The Las Vegas Aces are champions once again.
In a series that promised to be a tactical chess match between two elite coaches, the Aces instead delivered a masterclass in controlled chaos, dismantling the Phoenix Mercury in four games to claim their third championship in four years.
While many expected the 2025 WNBA Finals to hinge on subtle adjustments and matchup hunting, Las Vegas imposed their will through two main advantages: how they defended Alyssa Thomas and how they won the possession battle.
1. Defending Alyssa Thomas
Phoenix’s secret weapon throughout the playoffs had been Alyssa Thomas operating as the ball handler in inverted pick-and-rolls, a wrinkle that confused the New York Liberty in the first round and the Minnesota Lynx in the semifinals and created advantages through Thomas’ unique combination of size, passing vision and ability to attack smaller defenders in space.
The Aces, however, had the perfect antidote.
Jackie Young, Dana Evans and Jewell Loyd brought a level of physical resistance that Thomas hadn’t encountered all postseason. Chelsea Gray, who led all guards in post ups defended during the regular season, proved that her defensive versatility extended to handling bigger, stronger players.
When Thomas would attack downhill off inverted screens—situations that had generated easy baskets against the Liberty and Lynx—she found herself bodied up by guards who refused to give ground.
According to Second Spectrum tracking, Thomas’s efficiency in inverted pick-and-roll actions dropped to just 0.75 points per direct play in the last three games of the Finals, down from .97 in the regular season. The Aces guards’ willingness to absorb contact and fight through screens disrupted Phoenix’s entire offensive ecosystem. When Thomas couldn’t consistently make plays, the Mercury’s halfcourt offense collapsed, and their secondary options struggled to create quality looks.
This physical approach extended to how Las Vegas defended Phoenix’s other actions. The Aces weren’t just content to switch; they were aggressive at the point of attack, pressuring ball handlers and forcing Phoenix into uncomfortable situations. Even breaking out an occasional zone throughout the series all proved effective in taking Phoenix out of rhythm.
2. The margins mattered
For all the talk about pace and physicality, the series ultimately came down to basketball’s most fundamental currency: possessions.

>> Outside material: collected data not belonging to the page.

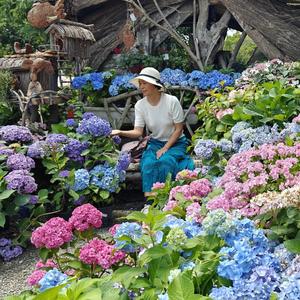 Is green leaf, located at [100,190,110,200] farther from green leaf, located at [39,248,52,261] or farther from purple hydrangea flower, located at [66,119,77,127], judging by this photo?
green leaf, located at [39,248,52,261]

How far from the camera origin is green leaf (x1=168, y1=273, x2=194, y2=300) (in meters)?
1.30

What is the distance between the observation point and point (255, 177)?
204 cm

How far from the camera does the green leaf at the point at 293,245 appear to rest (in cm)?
153

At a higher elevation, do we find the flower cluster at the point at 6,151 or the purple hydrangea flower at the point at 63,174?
the flower cluster at the point at 6,151

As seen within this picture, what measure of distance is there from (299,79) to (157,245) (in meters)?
3.51

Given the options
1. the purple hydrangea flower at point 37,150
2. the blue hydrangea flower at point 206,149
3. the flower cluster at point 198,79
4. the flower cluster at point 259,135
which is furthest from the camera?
the flower cluster at point 198,79

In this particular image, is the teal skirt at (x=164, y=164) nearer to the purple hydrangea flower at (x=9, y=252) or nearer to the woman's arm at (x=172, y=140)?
the woman's arm at (x=172, y=140)

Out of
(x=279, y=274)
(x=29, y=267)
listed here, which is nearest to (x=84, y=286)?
(x=279, y=274)

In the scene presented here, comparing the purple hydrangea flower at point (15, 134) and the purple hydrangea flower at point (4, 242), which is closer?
the purple hydrangea flower at point (4, 242)

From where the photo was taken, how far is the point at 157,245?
1.63m

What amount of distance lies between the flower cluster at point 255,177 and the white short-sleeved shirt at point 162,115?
2308 millimetres

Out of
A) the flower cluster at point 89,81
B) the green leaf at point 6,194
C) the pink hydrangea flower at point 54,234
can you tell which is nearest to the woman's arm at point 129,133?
the green leaf at point 6,194

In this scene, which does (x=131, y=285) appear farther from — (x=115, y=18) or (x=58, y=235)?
(x=115, y=18)

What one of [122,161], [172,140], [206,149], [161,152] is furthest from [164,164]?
[206,149] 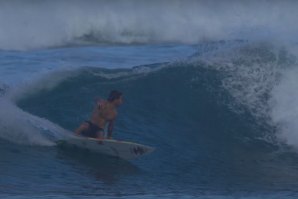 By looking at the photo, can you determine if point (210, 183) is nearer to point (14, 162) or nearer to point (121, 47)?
point (14, 162)

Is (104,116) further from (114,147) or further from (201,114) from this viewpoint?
(201,114)

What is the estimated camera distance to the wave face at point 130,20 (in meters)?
31.9

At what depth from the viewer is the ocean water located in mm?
10781

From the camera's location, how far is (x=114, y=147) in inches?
470

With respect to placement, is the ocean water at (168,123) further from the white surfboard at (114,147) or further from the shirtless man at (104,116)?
the shirtless man at (104,116)

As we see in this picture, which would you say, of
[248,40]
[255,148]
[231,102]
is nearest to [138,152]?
[255,148]

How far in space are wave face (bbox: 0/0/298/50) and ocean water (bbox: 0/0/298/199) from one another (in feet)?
28.2

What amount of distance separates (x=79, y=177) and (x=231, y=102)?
4.53 metres

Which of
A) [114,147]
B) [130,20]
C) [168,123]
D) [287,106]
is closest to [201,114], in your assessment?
[168,123]

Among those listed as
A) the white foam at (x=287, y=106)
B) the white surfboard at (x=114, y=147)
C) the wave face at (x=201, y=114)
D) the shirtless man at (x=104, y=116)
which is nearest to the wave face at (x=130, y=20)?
the wave face at (x=201, y=114)

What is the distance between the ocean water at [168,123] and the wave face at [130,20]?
28.2 ft

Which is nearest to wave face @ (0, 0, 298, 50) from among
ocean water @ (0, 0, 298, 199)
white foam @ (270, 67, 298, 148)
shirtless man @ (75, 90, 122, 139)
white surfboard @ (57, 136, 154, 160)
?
ocean water @ (0, 0, 298, 199)

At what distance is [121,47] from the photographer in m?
28.5

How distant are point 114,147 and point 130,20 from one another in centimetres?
2409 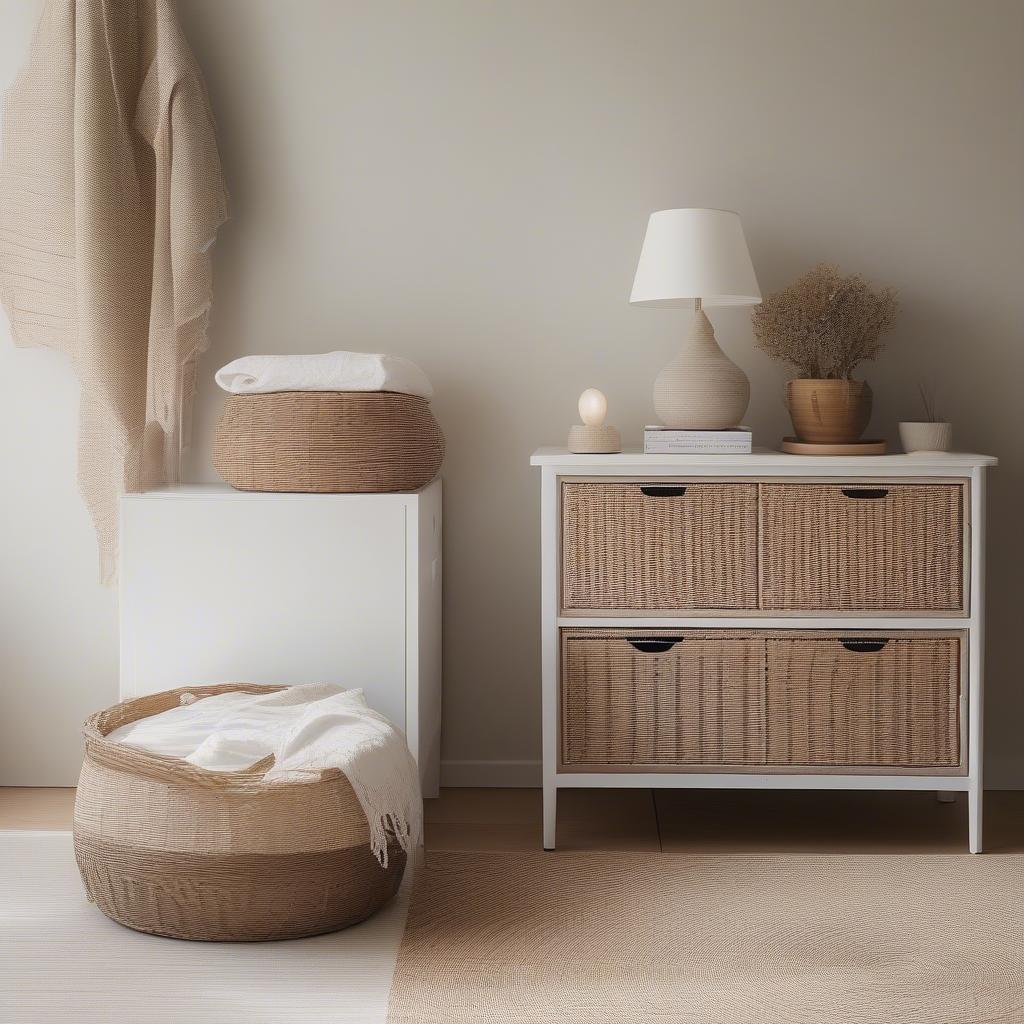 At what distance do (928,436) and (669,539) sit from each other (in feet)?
2.03

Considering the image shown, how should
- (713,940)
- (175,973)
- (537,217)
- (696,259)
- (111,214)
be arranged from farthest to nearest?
1. (537,217)
2. (111,214)
3. (696,259)
4. (713,940)
5. (175,973)

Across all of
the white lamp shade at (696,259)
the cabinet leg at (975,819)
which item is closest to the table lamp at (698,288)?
the white lamp shade at (696,259)

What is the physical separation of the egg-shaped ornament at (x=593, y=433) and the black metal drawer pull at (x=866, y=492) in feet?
1.54

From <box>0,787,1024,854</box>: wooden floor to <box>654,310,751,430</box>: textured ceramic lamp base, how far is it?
0.88 meters

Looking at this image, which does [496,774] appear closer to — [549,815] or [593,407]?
[549,815]

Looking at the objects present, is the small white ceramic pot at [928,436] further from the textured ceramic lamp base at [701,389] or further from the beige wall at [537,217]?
the textured ceramic lamp base at [701,389]

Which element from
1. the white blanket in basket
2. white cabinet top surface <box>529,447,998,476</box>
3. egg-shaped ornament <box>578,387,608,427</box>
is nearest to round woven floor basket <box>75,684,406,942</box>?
the white blanket in basket

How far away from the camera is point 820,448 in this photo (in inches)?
93.2

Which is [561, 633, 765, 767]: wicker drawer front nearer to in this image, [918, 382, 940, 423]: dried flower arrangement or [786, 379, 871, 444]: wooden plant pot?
[786, 379, 871, 444]: wooden plant pot

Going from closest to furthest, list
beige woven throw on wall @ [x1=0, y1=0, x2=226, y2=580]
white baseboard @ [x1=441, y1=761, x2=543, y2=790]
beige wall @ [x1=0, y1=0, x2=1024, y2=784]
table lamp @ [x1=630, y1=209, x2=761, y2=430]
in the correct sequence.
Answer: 1. table lamp @ [x1=630, y1=209, x2=761, y2=430]
2. beige woven throw on wall @ [x1=0, y1=0, x2=226, y2=580]
3. beige wall @ [x1=0, y1=0, x2=1024, y2=784]
4. white baseboard @ [x1=441, y1=761, x2=543, y2=790]

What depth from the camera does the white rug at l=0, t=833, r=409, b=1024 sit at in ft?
5.41

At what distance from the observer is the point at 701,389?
239 centimetres

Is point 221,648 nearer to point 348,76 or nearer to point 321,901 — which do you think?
point 321,901

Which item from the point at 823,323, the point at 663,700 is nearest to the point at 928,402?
the point at 823,323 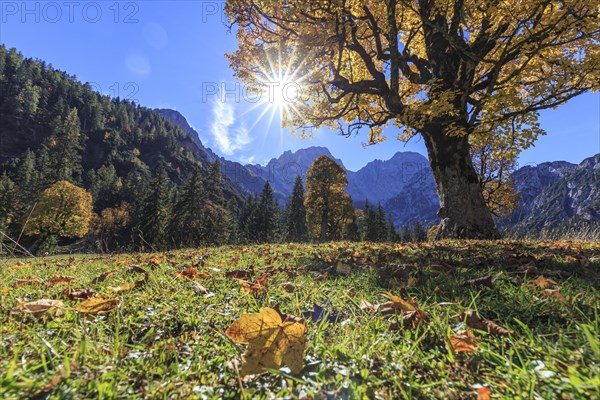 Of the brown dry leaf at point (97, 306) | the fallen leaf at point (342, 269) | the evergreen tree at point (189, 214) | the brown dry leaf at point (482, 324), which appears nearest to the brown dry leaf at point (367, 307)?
the brown dry leaf at point (482, 324)

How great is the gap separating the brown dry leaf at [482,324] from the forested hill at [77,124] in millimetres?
113720

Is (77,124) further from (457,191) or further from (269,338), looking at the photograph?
(269,338)

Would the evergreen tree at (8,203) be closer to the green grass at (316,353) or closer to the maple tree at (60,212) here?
the maple tree at (60,212)

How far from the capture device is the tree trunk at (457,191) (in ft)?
28.0

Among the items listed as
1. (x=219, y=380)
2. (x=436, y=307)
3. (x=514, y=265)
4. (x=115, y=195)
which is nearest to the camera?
(x=219, y=380)

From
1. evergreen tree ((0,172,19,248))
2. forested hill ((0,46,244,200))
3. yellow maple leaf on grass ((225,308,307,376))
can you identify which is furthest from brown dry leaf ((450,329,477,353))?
forested hill ((0,46,244,200))

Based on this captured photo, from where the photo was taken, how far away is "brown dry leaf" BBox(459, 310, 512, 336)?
126 centimetres

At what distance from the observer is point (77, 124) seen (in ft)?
373

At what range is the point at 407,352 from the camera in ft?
3.89

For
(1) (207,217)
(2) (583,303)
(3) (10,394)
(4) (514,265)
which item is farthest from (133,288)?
(1) (207,217)

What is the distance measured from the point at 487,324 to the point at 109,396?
1487mm

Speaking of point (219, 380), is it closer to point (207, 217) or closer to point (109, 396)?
point (109, 396)

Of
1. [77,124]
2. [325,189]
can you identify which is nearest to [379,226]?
[325,189]

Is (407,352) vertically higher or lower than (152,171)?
lower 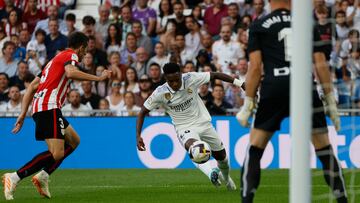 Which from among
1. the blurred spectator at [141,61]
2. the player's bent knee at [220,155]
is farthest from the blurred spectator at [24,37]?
the player's bent knee at [220,155]

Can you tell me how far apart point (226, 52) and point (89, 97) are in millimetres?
2923

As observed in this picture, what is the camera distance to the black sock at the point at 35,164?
11867mm

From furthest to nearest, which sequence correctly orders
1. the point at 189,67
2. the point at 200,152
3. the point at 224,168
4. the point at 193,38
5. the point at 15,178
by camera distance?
the point at 193,38 < the point at 189,67 < the point at 224,168 < the point at 200,152 < the point at 15,178

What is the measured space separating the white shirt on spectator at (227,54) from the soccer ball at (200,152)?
22.3ft

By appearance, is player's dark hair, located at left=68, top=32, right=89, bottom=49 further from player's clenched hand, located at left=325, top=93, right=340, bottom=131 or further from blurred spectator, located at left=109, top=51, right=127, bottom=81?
blurred spectator, located at left=109, top=51, right=127, bottom=81

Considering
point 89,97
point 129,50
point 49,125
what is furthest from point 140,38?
point 49,125

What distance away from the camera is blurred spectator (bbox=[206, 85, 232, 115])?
17.5 m

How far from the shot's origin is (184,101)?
13.0 metres

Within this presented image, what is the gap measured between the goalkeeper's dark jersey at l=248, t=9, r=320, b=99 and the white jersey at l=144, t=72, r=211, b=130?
4597 millimetres

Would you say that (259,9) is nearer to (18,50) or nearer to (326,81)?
(18,50)

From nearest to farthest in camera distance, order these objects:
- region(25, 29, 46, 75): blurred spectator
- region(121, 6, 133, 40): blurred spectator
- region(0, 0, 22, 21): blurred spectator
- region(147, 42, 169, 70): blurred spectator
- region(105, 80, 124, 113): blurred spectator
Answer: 1. region(105, 80, 124, 113): blurred spectator
2. region(147, 42, 169, 70): blurred spectator
3. region(25, 29, 46, 75): blurred spectator
4. region(121, 6, 133, 40): blurred spectator
5. region(0, 0, 22, 21): blurred spectator

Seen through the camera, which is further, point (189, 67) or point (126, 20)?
point (126, 20)

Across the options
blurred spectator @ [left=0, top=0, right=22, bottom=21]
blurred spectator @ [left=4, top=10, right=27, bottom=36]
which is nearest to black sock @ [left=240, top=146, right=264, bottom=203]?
blurred spectator @ [left=4, top=10, right=27, bottom=36]

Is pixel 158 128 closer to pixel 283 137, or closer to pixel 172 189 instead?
pixel 283 137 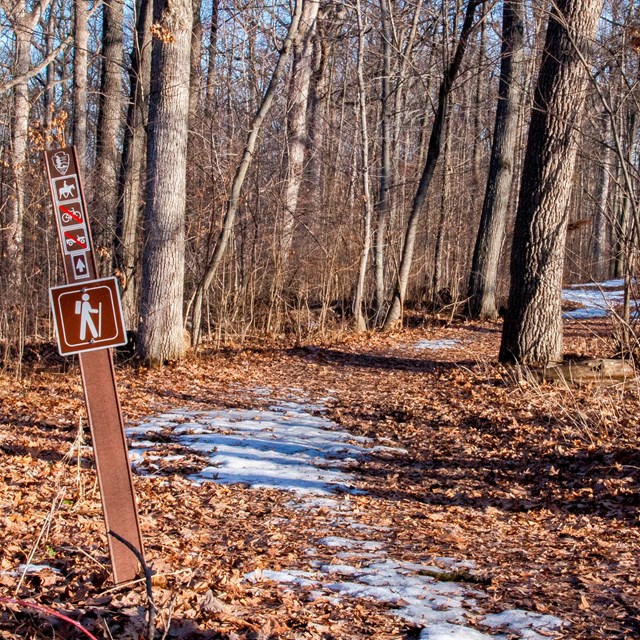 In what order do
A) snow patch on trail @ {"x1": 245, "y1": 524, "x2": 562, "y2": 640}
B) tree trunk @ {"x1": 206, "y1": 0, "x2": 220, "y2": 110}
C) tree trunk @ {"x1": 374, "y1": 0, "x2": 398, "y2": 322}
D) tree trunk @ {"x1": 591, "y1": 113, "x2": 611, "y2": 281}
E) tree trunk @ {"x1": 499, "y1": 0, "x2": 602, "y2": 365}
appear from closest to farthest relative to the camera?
snow patch on trail @ {"x1": 245, "y1": 524, "x2": 562, "y2": 640} < tree trunk @ {"x1": 499, "y1": 0, "x2": 602, "y2": 365} < tree trunk @ {"x1": 374, "y1": 0, "x2": 398, "y2": 322} < tree trunk @ {"x1": 206, "y1": 0, "x2": 220, "y2": 110} < tree trunk @ {"x1": 591, "y1": 113, "x2": 611, "y2": 281}

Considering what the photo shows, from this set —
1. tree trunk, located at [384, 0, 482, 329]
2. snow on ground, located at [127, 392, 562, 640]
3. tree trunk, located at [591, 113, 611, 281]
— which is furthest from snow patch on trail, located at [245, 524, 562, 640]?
tree trunk, located at [591, 113, 611, 281]

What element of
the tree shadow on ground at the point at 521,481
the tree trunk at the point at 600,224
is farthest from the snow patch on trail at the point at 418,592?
the tree trunk at the point at 600,224

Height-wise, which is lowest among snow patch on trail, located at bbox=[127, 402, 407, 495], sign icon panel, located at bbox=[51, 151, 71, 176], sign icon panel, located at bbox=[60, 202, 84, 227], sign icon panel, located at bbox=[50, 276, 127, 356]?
snow patch on trail, located at bbox=[127, 402, 407, 495]

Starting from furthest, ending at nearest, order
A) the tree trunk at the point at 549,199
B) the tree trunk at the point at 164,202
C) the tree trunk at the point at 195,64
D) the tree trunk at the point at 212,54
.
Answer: the tree trunk at the point at 212,54, the tree trunk at the point at 195,64, the tree trunk at the point at 164,202, the tree trunk at the point at 549,199

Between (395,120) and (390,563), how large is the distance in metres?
14.0

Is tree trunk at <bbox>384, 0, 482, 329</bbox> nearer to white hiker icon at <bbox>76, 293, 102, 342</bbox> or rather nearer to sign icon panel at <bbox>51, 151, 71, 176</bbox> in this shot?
sign icon panel at <bbox>51, 151, 71, 176</bbox>

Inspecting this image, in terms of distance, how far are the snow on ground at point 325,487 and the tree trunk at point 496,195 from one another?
27.6ft

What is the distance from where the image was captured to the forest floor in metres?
3.49

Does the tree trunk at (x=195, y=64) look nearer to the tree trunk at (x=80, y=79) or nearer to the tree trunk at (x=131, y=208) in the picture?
the tree trunk at (x=131, y=208)

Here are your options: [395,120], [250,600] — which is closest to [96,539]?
[250,600]

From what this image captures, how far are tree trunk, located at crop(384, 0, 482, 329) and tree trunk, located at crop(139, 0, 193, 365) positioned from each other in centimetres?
563

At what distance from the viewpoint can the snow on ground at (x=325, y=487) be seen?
358 cm

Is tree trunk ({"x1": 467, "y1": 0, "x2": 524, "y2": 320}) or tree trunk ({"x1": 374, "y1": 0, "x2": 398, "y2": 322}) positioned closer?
tree trunk ({"x1": 374, "y1": 0, "x2": 398, "y2": 322})

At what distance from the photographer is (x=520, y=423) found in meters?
7.48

The Aces won the turnover battle in three of the four games, but their dominance was most pronounced in the two nail-biters—Game 1 and Game 3—both of which Las Vegas won by a combined five points. When games are decided by two or three possessions, those margins are everything. In Game 4, the Aces had only seven turnovers, which was less than Alyssa Thomas had for the entire game. A nine percent turnover percentage for the entire series for Las Vegas is remarkable, and to dominate the margins the way they did against a team that typically excels in the small differentials is even more impressive.
The rebounding battle followed the same script. Phoenix, despite having some size to match the Vegas with the length of Satou Sabally and Natasha Mack, was thoroughly dominated on the glass. The Aces outrebounded the Mercury narrowly in the series, with Wilson’s 11.7 rebounds per game dwarfing any individual Phoenix effort.
Phoenix had built their playoff reputation on forcing turnovers and capitalizing in transition, ranking second in the playoffs in transition opportunities. But against Las Vegas, the script flipped entirely. The Aces were more intentional in transition, more physical on defense and far more disciplined with the basketball. In Game 2 and 4 combined, the Aces had 25 more true shot attempts than Phoenix.
Phoenix’s vaunted matchup-hunting style never materialized against an Aces team that refused to provide vulnerable targets. Las Vegas’s bench, supposedly the weak link that Phoenix could exploit, played with such pace and purpose that their limitations never came into focus. The Gray-Young pick-and-roll proved still to be timeless.
In what is likely the greatest in-season turnaround in league history, the Aces showed that, when executed with championship-level talent and experience, basketball’s fundamentals still reign supreme.